Progressive Tax Reform: Simpler and Fairer
In addition to adjusting family deductions, the Ministry of Finance also proposed to change the progressive tax schedule applicable to resident individuals with income from salaries and wages. Currently, the progressive tax schedule consists of 7 levels, with tax rates ranging from 5% to 35%. The gap between tax levels is relatively narrow, which can easily lead to a "skipping tax level" when summing up income at the end of the year, increasing the amount of tax payable insignificantly but complicating tax declaration and settlement.
To address this problem, the Ministry of Finance proposes to reduce the number of tax brackets and widen the income gap between brackets. This approach not only simplifies tax declaration and payment, but also ensures that income regulation focuses on high-income groups, contributing to reducing the tax burden for middle-income groups.

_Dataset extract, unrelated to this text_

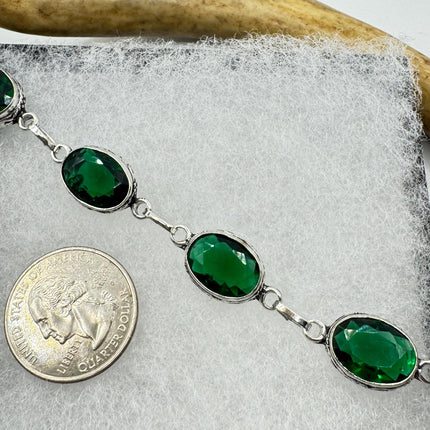 Vintage Green Glass Silver Toggle Bracelet Silver Bronze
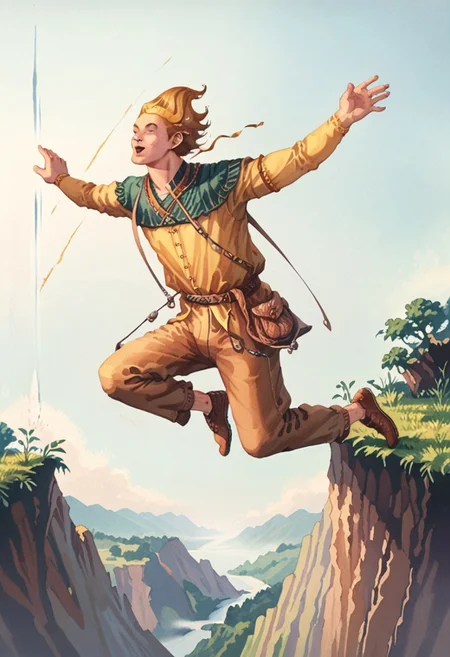 score_8, score_8_up, score_7_up, oblivionarts, 1boy, male focus, solo, adoring_fan, (((jumping off a cliff))), simple background,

Tax reform will be carefully considered based on the tax system reform strategy until 2030, in line with the socio-economic context, people's living standards, and international practices. This will not only ensure the rights of workers but also encourage the development of the labor market in the context of international integration.
The Ministry of Finance’s proposed amendments are all aimed at improving the personal income tax policy, ensuring fairness and efficiency. However, the Ministry also noted that the family deduction level, the scope of deductible expenses, and the tax structure need to be carefully calculated so as not to affect the role of this tax in regulating income and contributing revenue to the state budget.
The comprehensive revision of the Personal Income Tax Law will not only help resolve current shortcomings but also ensure that the tax system is more consistent with the socio-economic development trends at home and abroad. Thereby, the personal income tax policy will continue to affirm its important role in promoting social equity and creating momentum for sustainable economic growth./.